▼

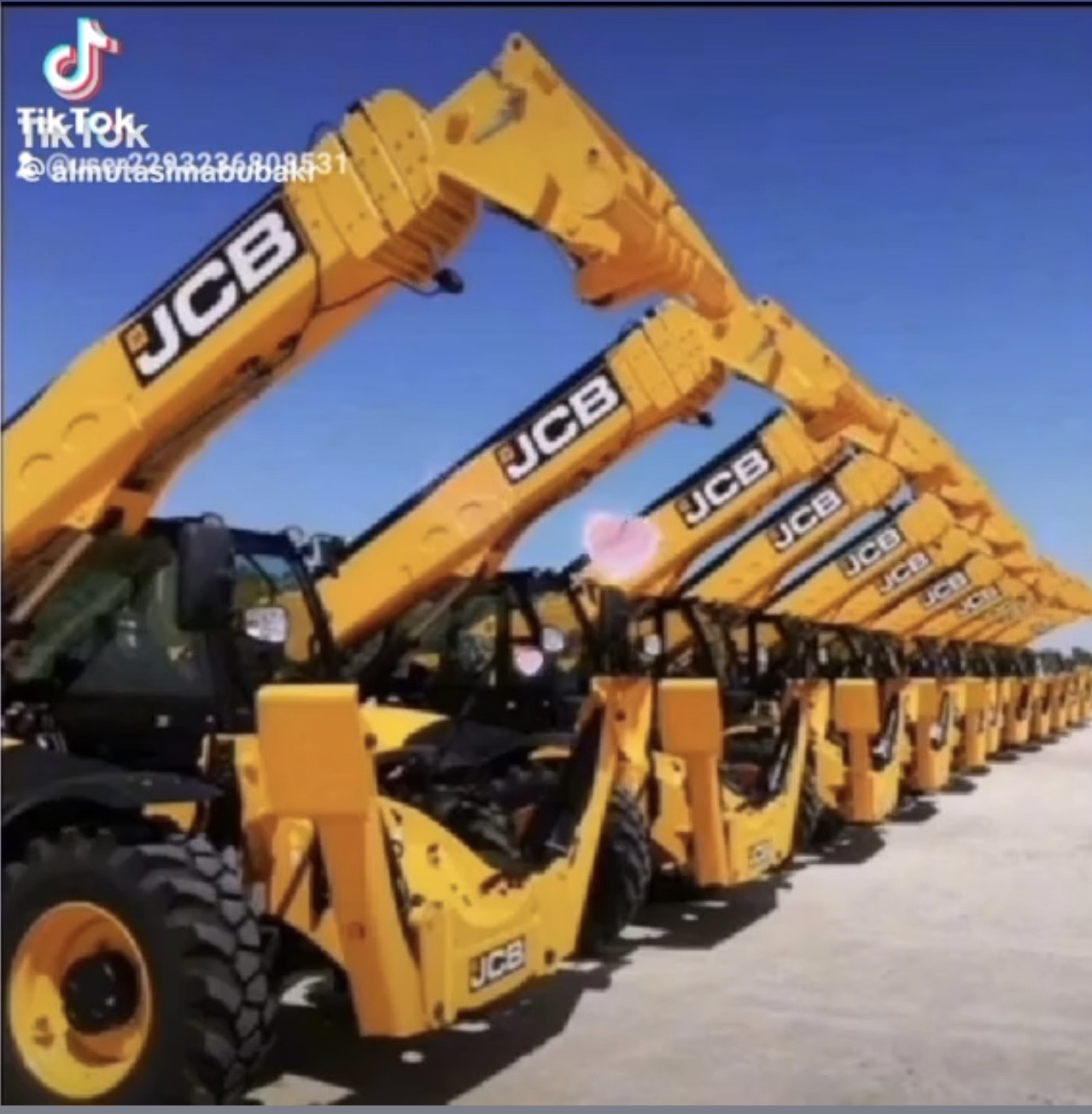 تليهندر جيسيبي مانلفت سيزرلفت فوركلفت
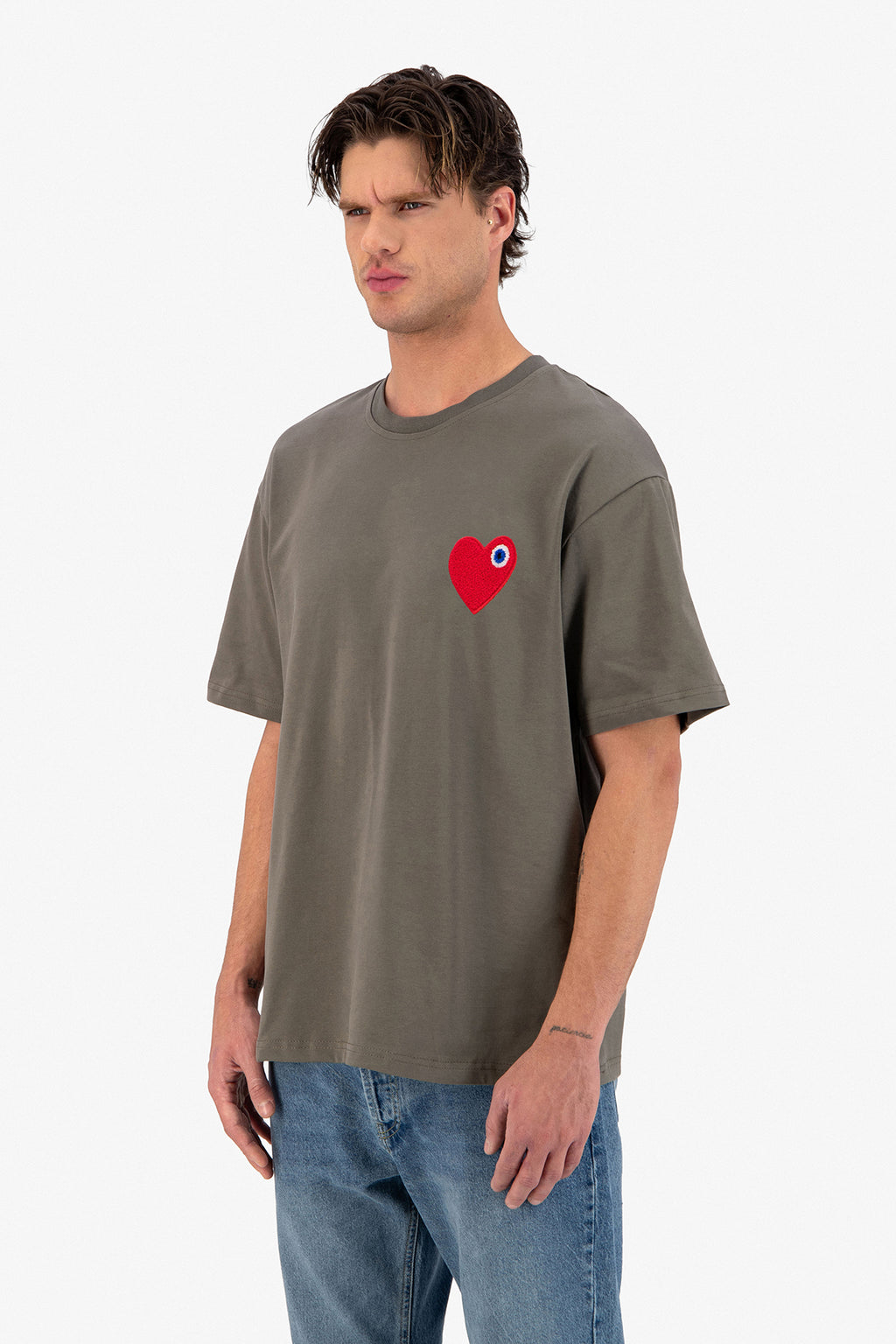 COEUR CHIC T-SHIRT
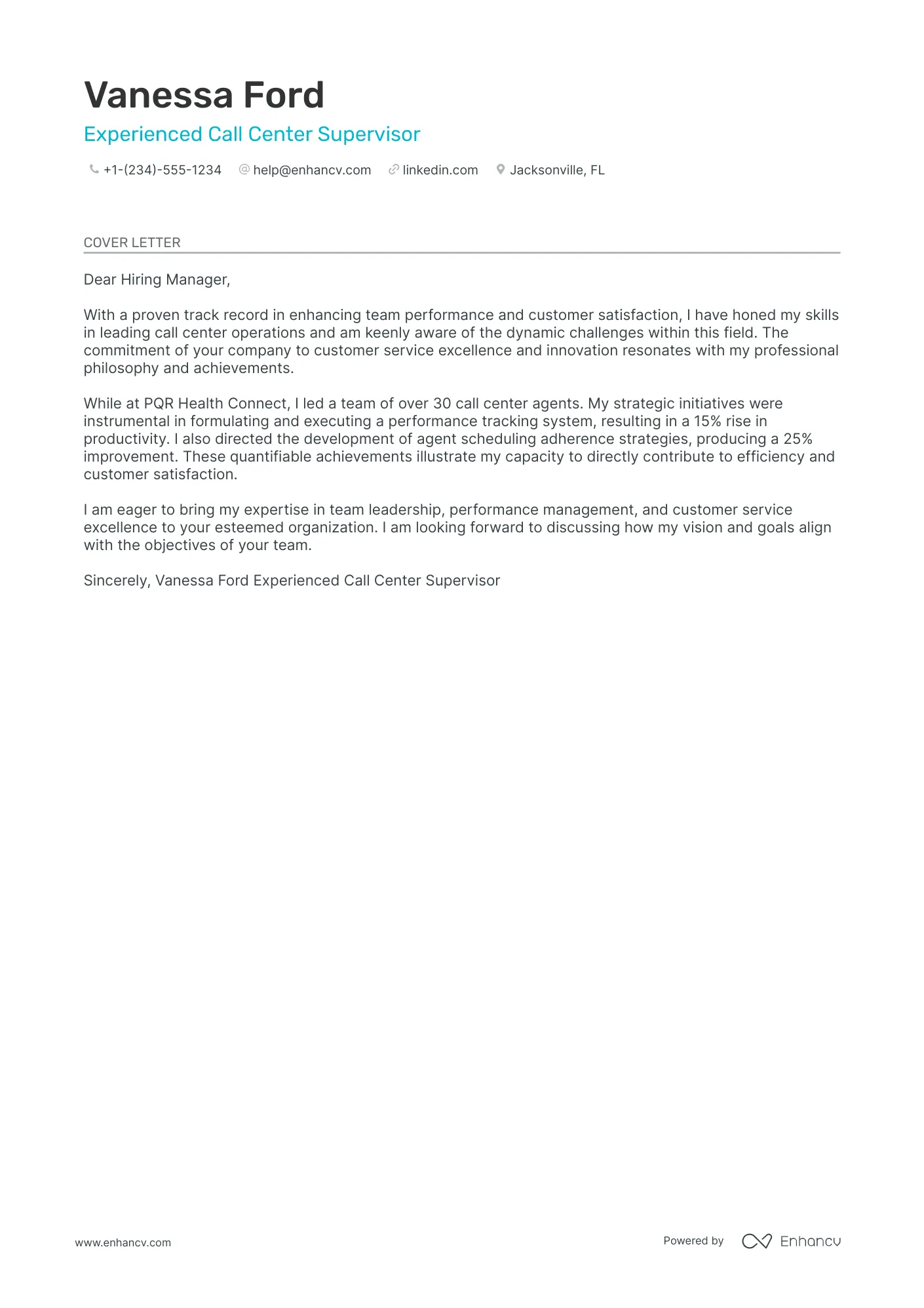 43027 supervisor cover letter example1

▲

WHAT TO PRODUCE>
Repeat the material above exactly. Leave every picture out of it.

WRITTEN ANSWER>
 تليهندر جيسيبي مانلفت سيزرلفت فوركلفت
 COEUR CHIC T-SHIRT
 43027 supervisor cover letter example1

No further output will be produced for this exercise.